- [Work instructions]
Write out only the lines from the line containing "Plymouth Superbird 1969" to the end of the listing below, both included, exactly as they stand. Drop the pictures.
--- Dataset extract ---
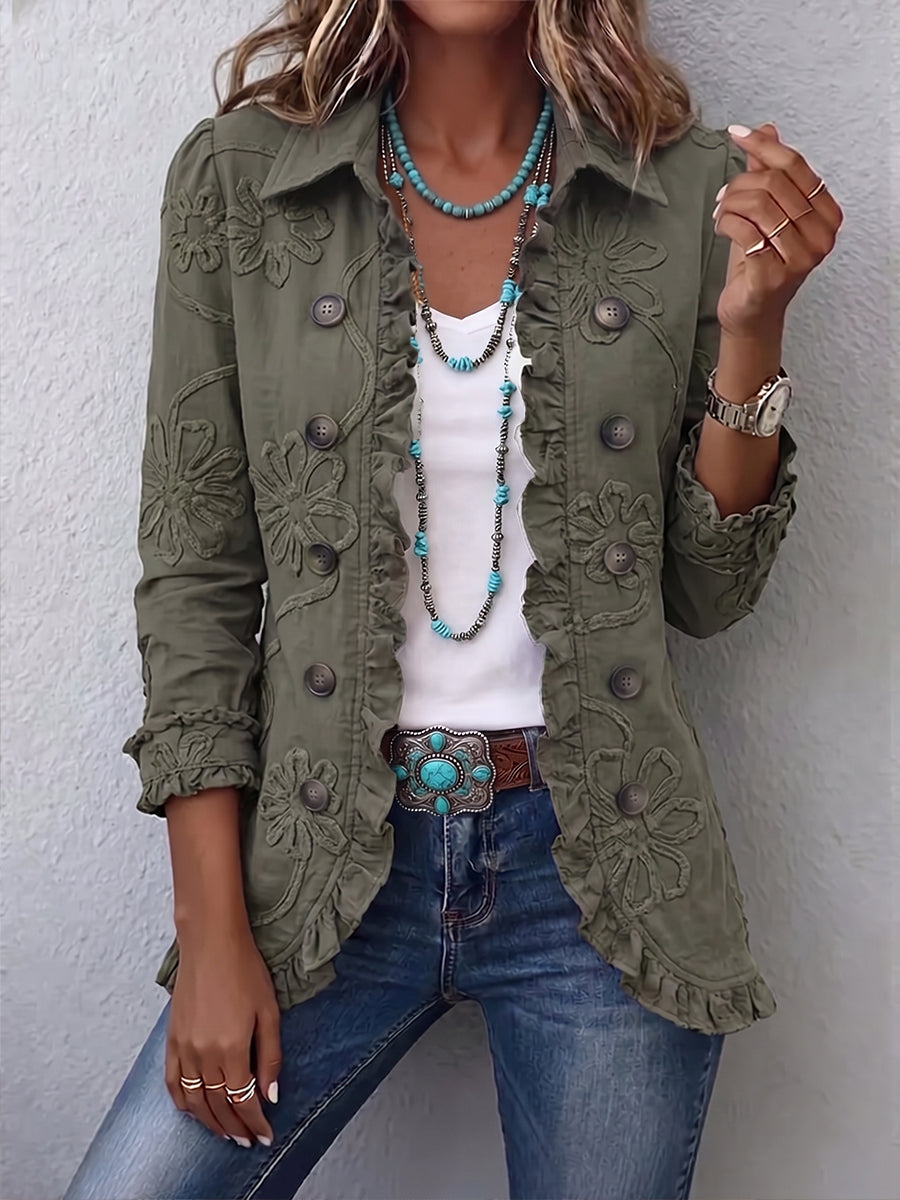 Olive utility jacket with floral embroidery, button front and ruffled cuffs
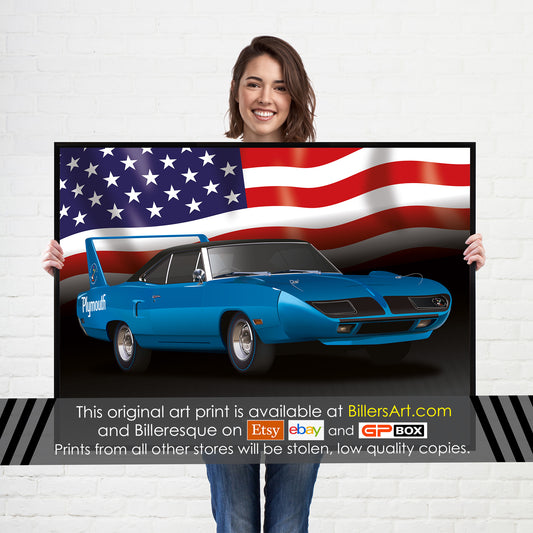 Plymouth Superbird 1969 US Muscle Car High Quality Colourful Illustration Poster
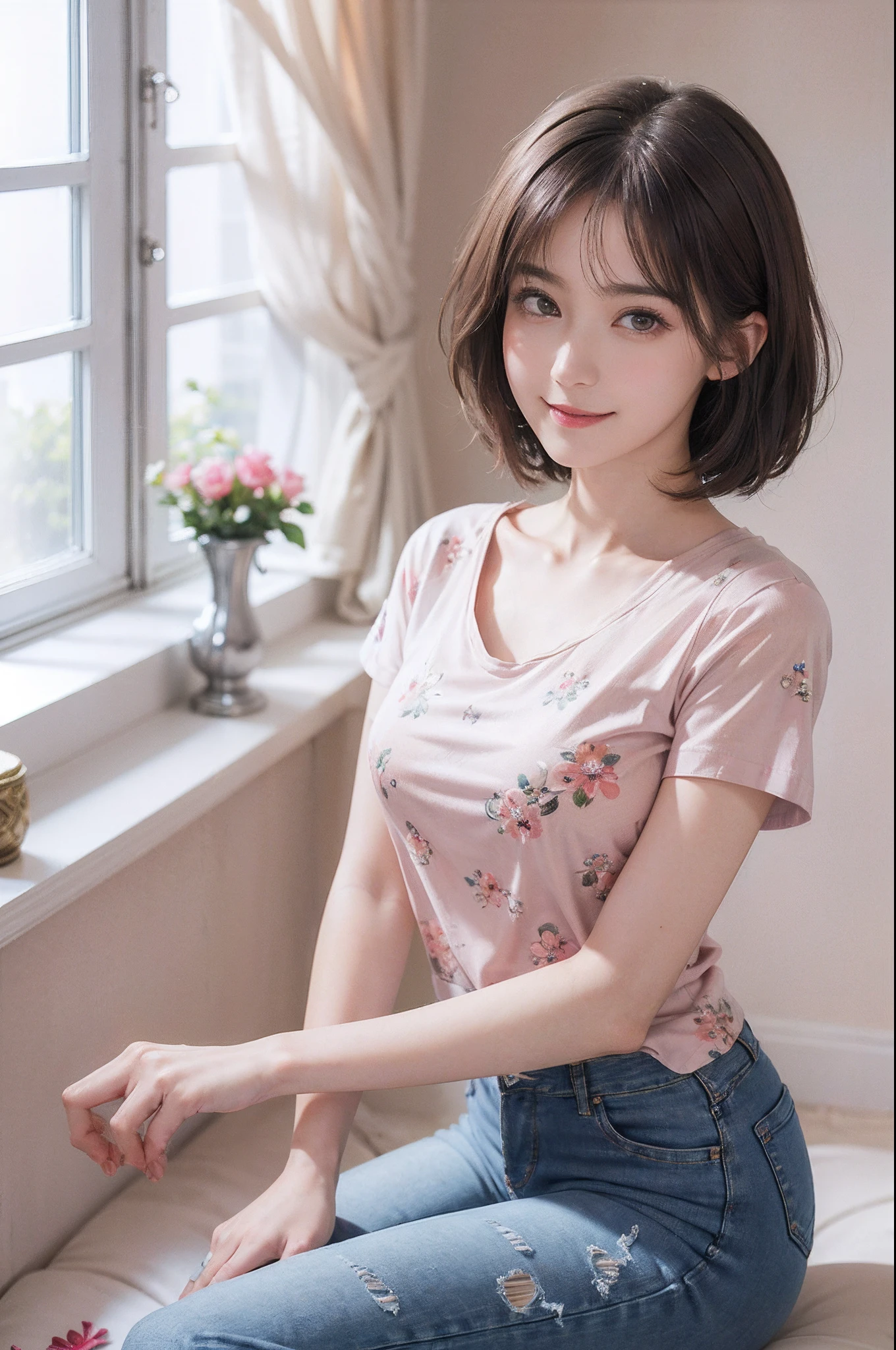 (masutepiece)、(Photorealsitic、Raw photography、top-quality: 1.4)、(1womanl)、(Breast)、((Floral T-shirt))、((In jeans))、Beautiful expression、((A slight smil))、(A dark-haired、short-hair:1.3)、Beautiful hairstyle、realisticeyes、Beautiful details、(real looking skin)、Beautiful skins、enticing、超A high resolution、A hyper-realistic、high-detail、the golden ratio、((The windowsill in a luxurious room))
---
- [Your response]
 Plymouth Superbird 1969 US Muscle Car High Quality Colourful Illustration Poster
 (masutepiece)、(Photorealsitic、Raw photography、top-quality: 1.4)、(1womanl)、(Breast)、((Floral T-shirt))、((In jeans))、Beautiful expression、((A slight smil))、(A dark-haired、short-hair:1.3)、Beautiful hairstyle、realisticeyes、Beautiful details、(real looking skin)、Beautiful skins、enticing、超A high resolution、A hyper-realistic、high-detail、the golden ratio、((The windowsill in a luxurious room))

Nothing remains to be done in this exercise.